As she spoke, they entered the parlors. Jimmy Jordan, arrayed in full dress, announced their arrival to Dr. Morgan.
The girls maintained a dignified and elegant composure until they reached the end of the line where Miss Wilson stood. Nancy’s appearance distracted her attention from her social duties.
“You’ve got too much powder on your nose, Nancy,” and with a flutter of her handkerchief, she made Nancy presentable. Then she remembered where she was. Her face flushed. She looked about her. Her words had carried across the room. The smiles of the committee about her were almost audible.
Elizabeth in company with Nancy moved through the room. “Here is someone I wish you to meet,” said Nancy, “that is, if you are really interested in people of strong, though peculiar character. She is a Miss Rice. She owns a little farm not far from where my father preached. She works the whole place herself.”

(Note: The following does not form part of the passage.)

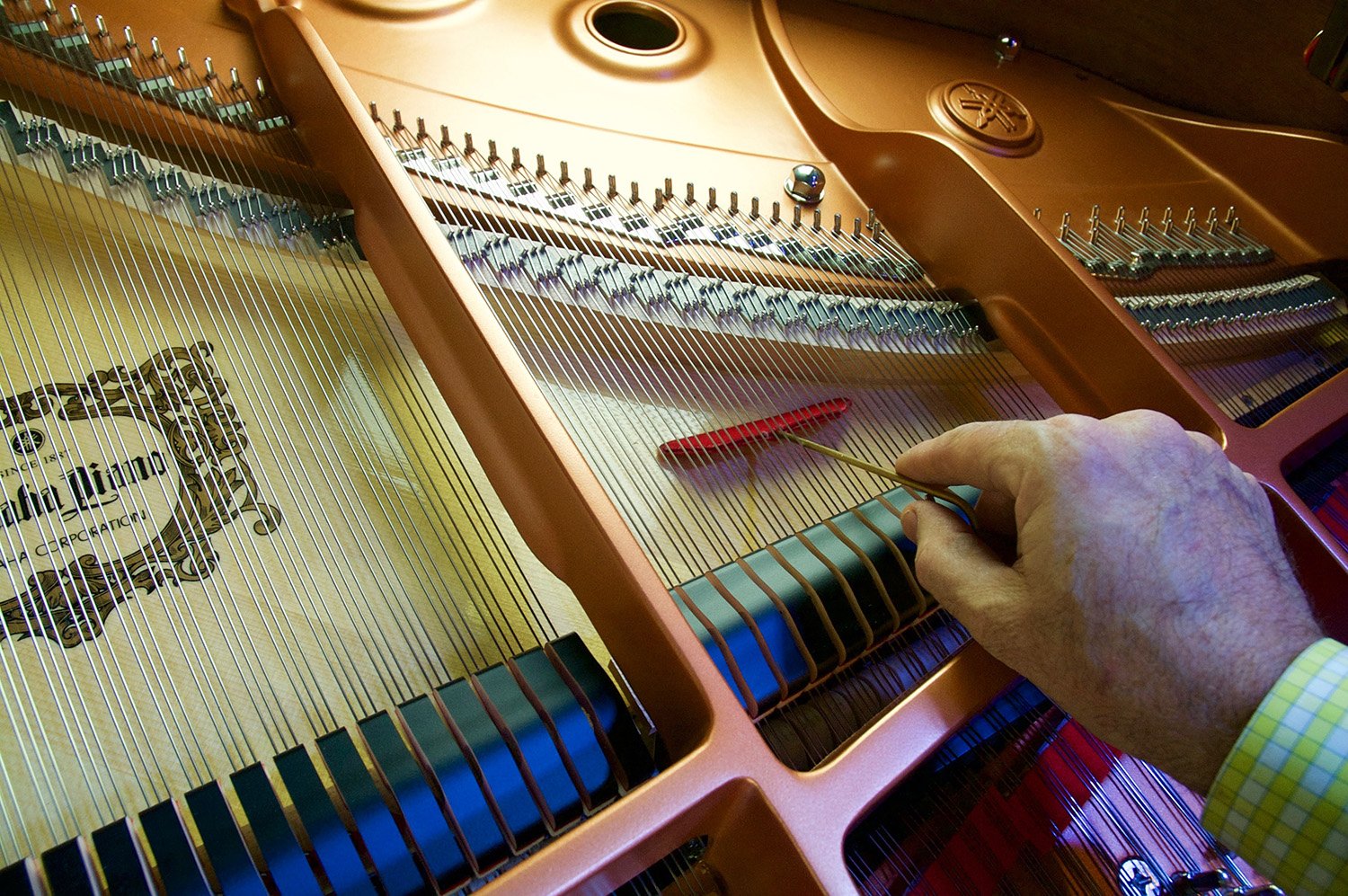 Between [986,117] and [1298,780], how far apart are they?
1930 millimetres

They came up to Miss Rice, a woman far past middle age. Her features showed exposure to the sun. Her red-bronze hair was turning into a grizzled, faded gray.

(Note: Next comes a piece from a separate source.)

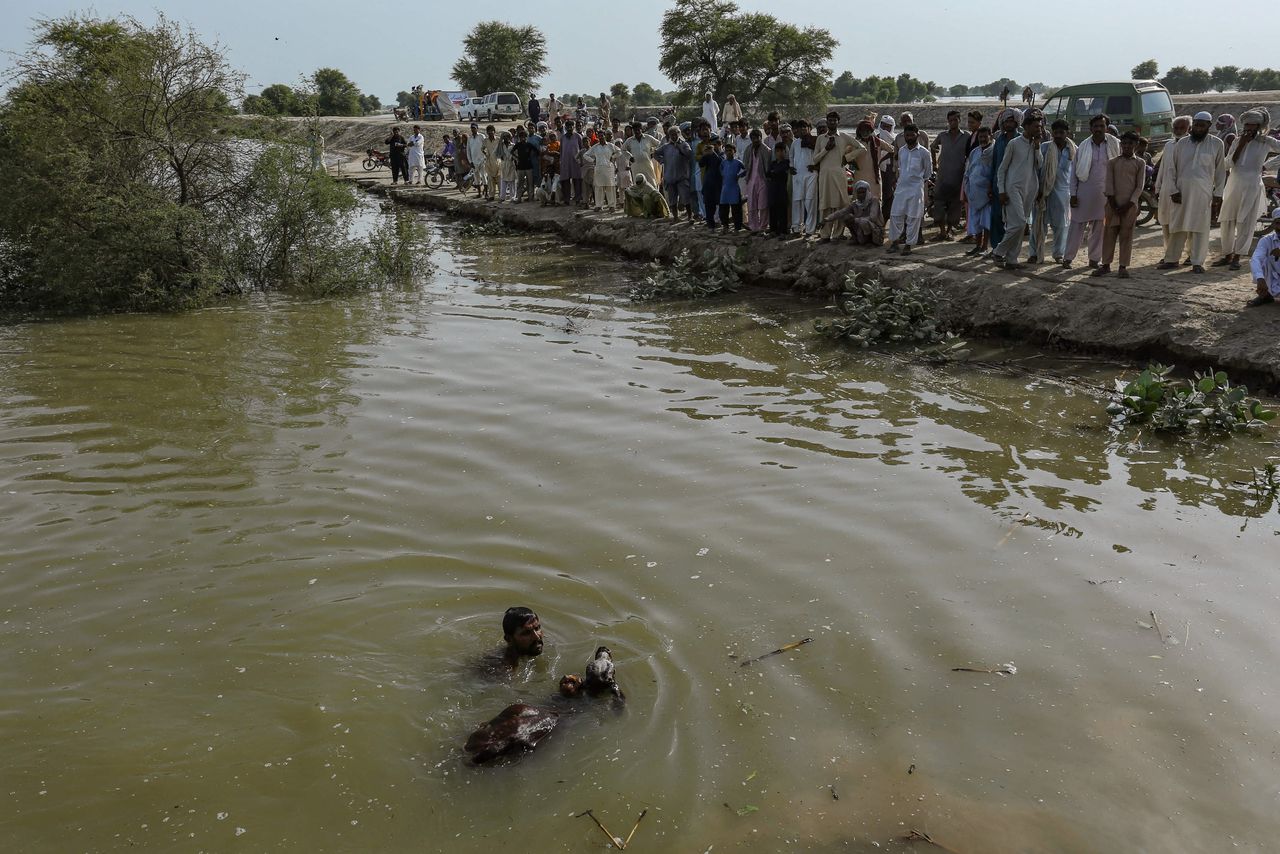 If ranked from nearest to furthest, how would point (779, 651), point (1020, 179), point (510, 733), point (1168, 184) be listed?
point (510, 733) < point (779, 651) < point (1168, 184) < point (1020, 179)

“I’m glad to meet Miss Hobart,” she said. “You are from Bitumen, I hear. I have planned to go there as soon as I get my potatoes in, and those odd chores done for the winter. I heard your father had a peculiar plant – something unusual hereabout.”

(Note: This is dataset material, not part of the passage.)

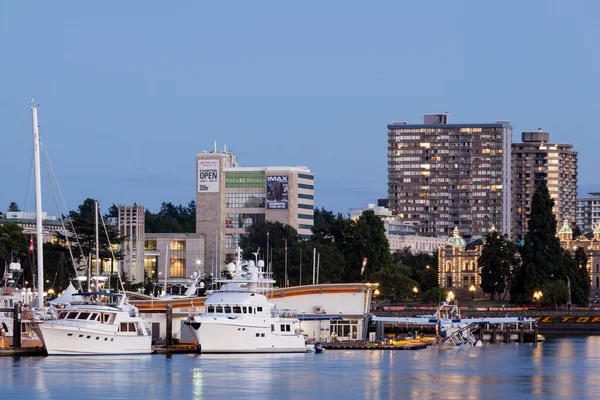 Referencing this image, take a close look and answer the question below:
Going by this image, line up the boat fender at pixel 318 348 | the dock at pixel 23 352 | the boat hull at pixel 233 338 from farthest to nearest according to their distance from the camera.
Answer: the boat fender at pixel 318 348 → the boat hull at pixel 233 338 → the dock at pixel 23 352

Elizabeth repeated the story of his having found an odd seed in an importation of tea and having planted it. Miss Rice’s conversation was interesting. Her voice was full and melodious, but even Elizabeth who was used to the eccentricities of Miss Hale’s attire could not repress a smile.
Miss Rice talked of the wheat blight and the damaging effects of potato-bugs, then with equal interest quoted Browning, and debated the question whether there was a present-day literature worthy of the name.
“She’s a quaint character,” Miss Cresswell said later to Elizabeth. “She might have been independently rich, but she has no idea of the value of money, and she is the sort who always finds someone who needs it more than she. It’s been years since she’s had a respectable winter coat because she pledged herself to provide for several old ladies in the Home for the Friendless. She has a whole host of doless relatives, whom she props up whenever they need it, and,” as though an afterthought, “they always need it.”
“Do you know if Landis is coming down?” asked Miss Rice a few moments later, turning to Elizabeth. “I really came purposely to see her. We’ve been a little uncertain about her finishing the year, but last week I sold four hundred bushels of potatoes. That means she can stay. She’ll be pleased, but no more than I’ll be.” Then in a confidential tone, “When I was a girl, I didn’t have the advantages that I’m trying to give Landis. We were poor, and father and mother were getting on in years, and I couldn’t leave them. What I learned I dug out of books and other people’s minds. Julia Hale – you know her – got me interested in botany, and someone else came along with a book or so. I was ambitious to go to Exeter, and then be a missionary. That seemed to be such a beautiful life of self-sacrifice; but it seems it wasn’t to be. There never was a day when someone right there at home didn’t need me, so that after a while I didn’t ever have time to think of going. But there was Landis. I mean to prepare her well and send her in my place. When the potatoes turned out better than I’d been counting on, I just sat down and laughed. Then I got ready and came down here to tell Landis. There she is now.” She arose, a trace of pleasurable excitement showing in her manner and lighting up her weather-beaten face, and moved to where Landis, radiant and self-confident, stood with Min and others of her satellites.